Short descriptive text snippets
[Start of Attachment]
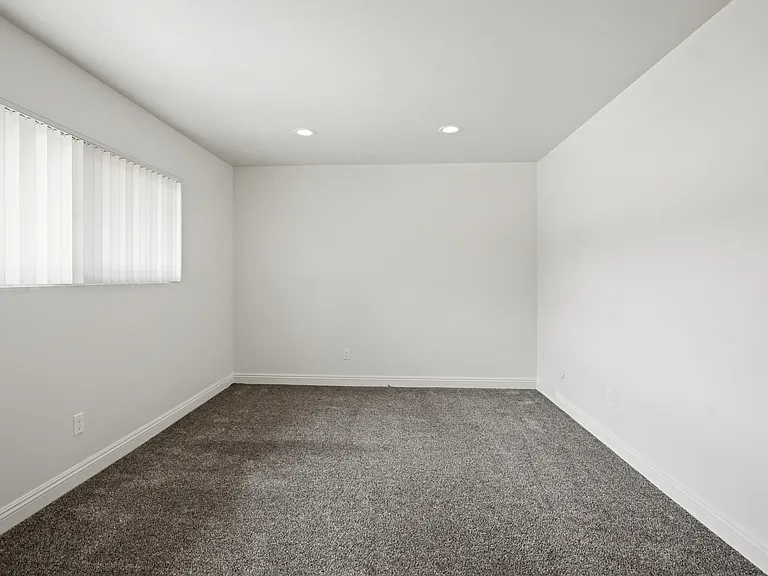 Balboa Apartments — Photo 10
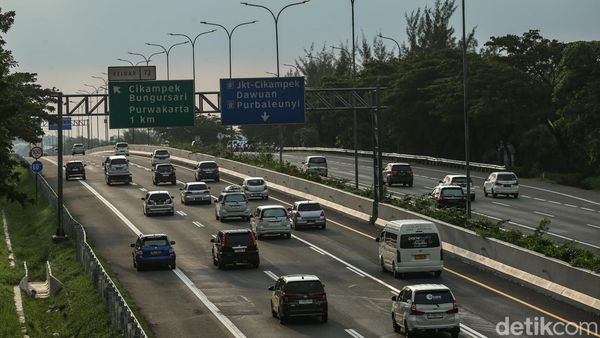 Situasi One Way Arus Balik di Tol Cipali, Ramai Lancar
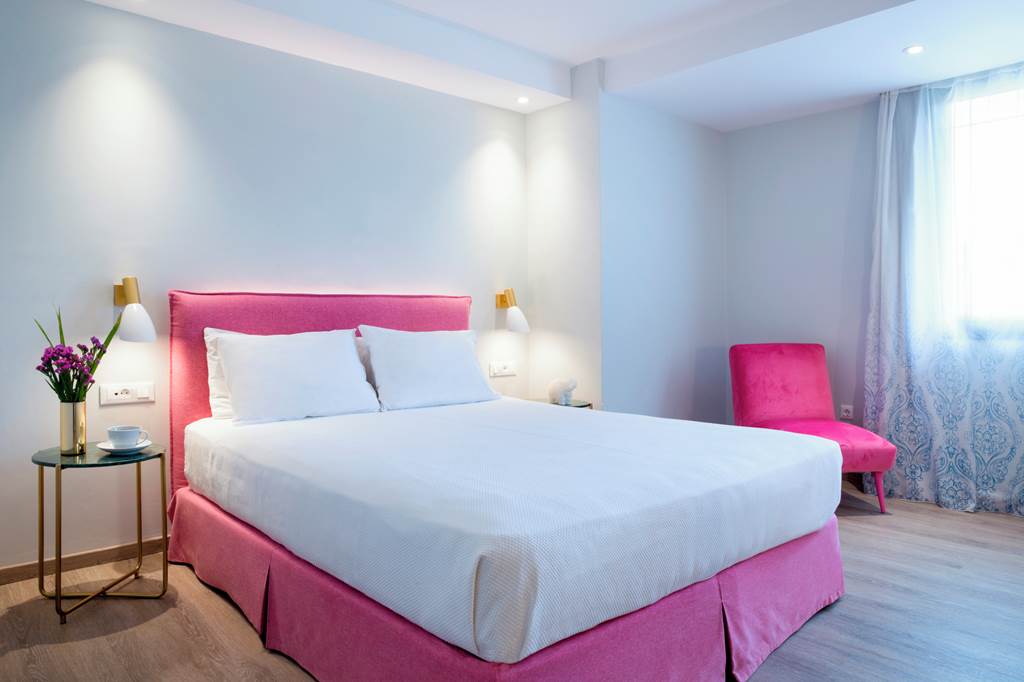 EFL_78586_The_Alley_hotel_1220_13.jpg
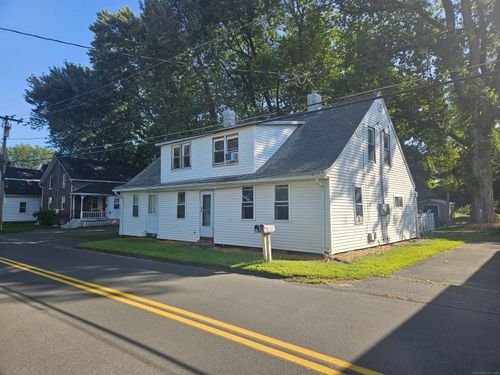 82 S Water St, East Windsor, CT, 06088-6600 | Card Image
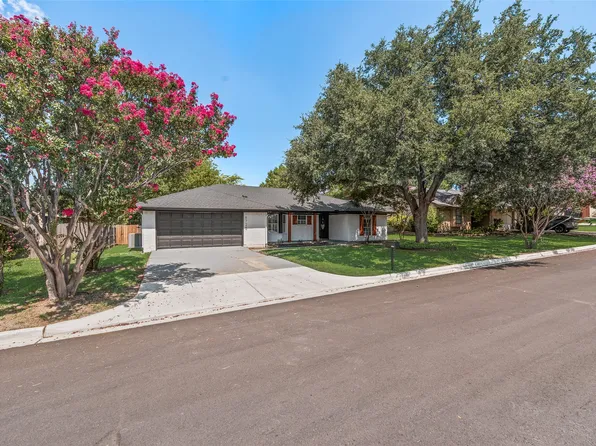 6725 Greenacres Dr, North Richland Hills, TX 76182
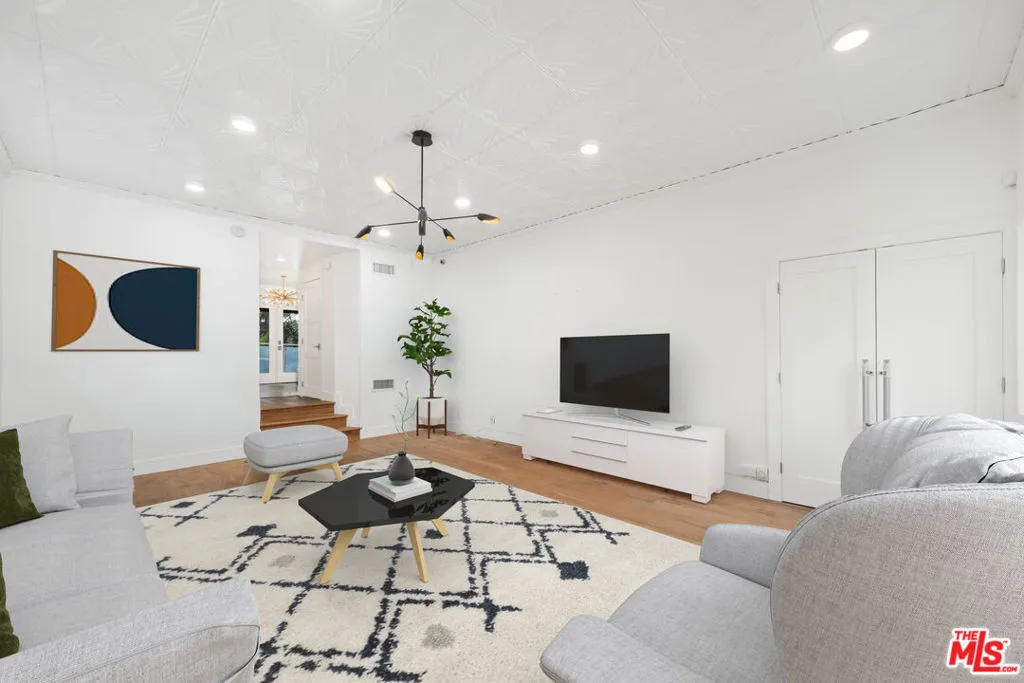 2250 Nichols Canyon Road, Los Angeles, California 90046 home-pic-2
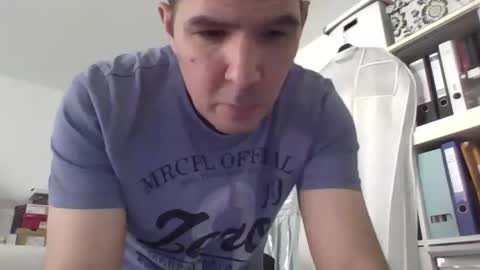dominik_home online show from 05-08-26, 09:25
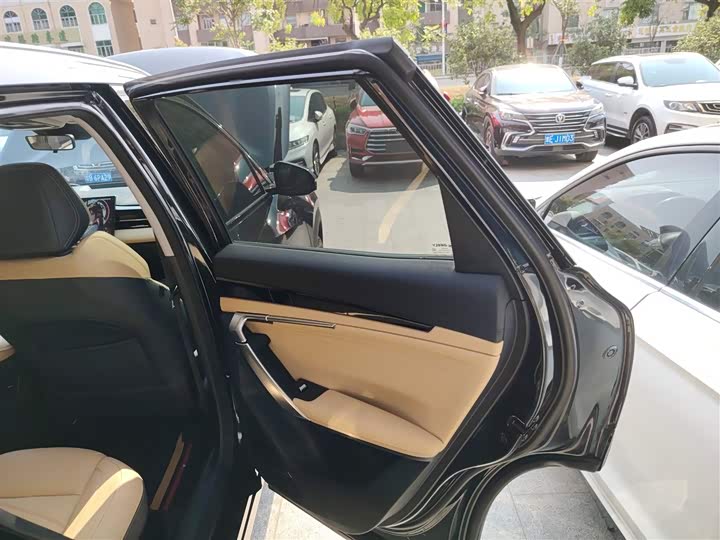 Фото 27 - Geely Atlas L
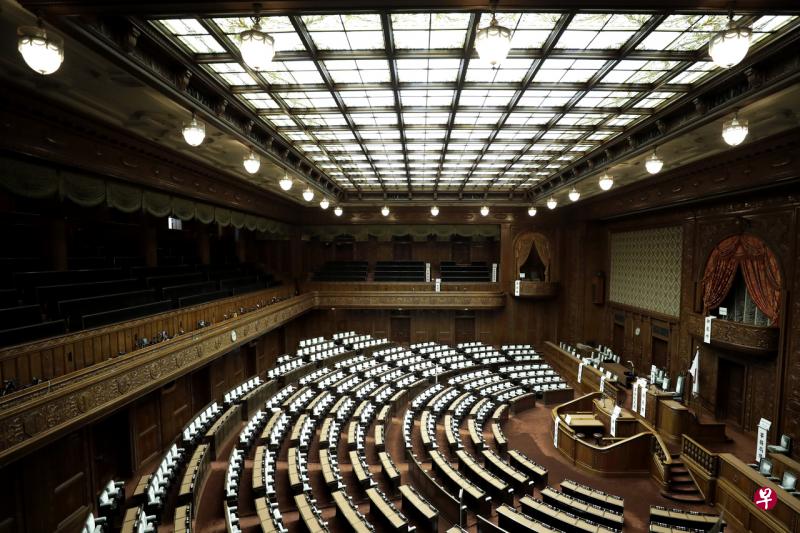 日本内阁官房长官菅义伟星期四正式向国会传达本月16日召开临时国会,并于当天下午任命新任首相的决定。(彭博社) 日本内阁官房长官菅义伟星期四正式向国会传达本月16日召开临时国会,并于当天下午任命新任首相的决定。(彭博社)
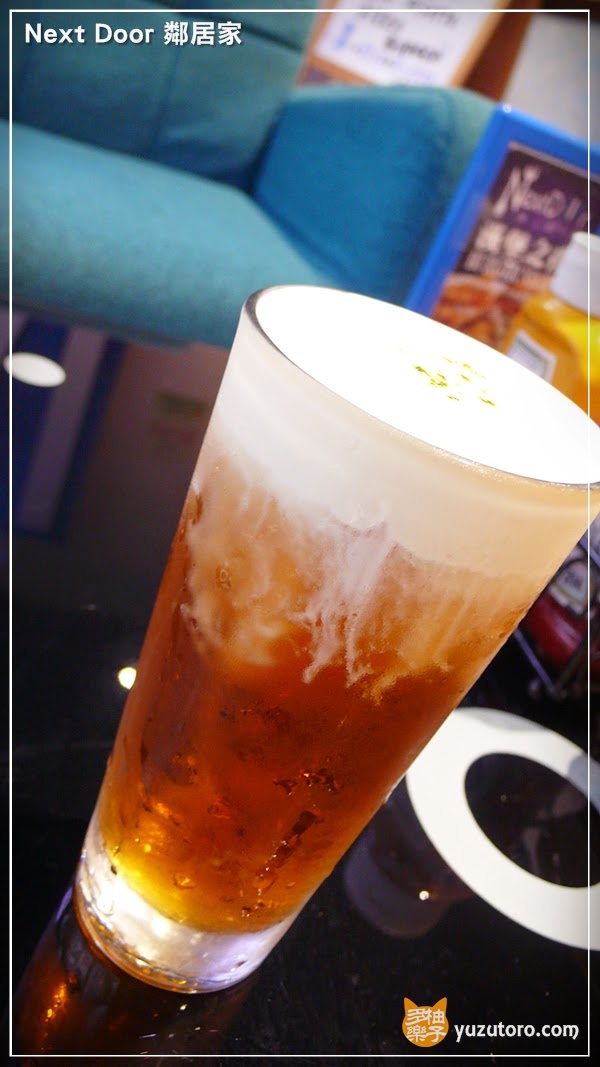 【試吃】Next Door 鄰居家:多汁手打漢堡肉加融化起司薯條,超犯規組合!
[End of Attachment]
→ Directions:
The entries need to be restated exactly, and their pictures left out.

→ Written solution:
 Balboa Apartments — Photo 10
 Situasi One Way Arus Balik di Tol Cipali, Ramai Lancar
 EFL_78586_The_Alley_hotel_1220_13.jpg
 82 S Water St, East Windsor, CT, 06088-6600 | Card Image
 6725 Greenacres Dr, North Richland Hills, TX 76182
 2250 Nichols Canyon Road, Los Angeles, California 90046 home-pic-2
dominik_home online show from 05-08-26, 09:25
 Фото 27 - Geely Atlas L
 日本内阁官房长官菅义伟星期四正式向国会传达本月16日召开临时国会,并于当天下午任命新任首相的决定。(彭博社) 日本内阁官房长官菅义伟星期四正式向国会传达本月16日召开临时国会,并于当天下午任命新任首相的决定。(彭博社)
 【試吃】Next Door 鄰居家:多汁手打漢堡肉加融化起司薯條,超犯規組合!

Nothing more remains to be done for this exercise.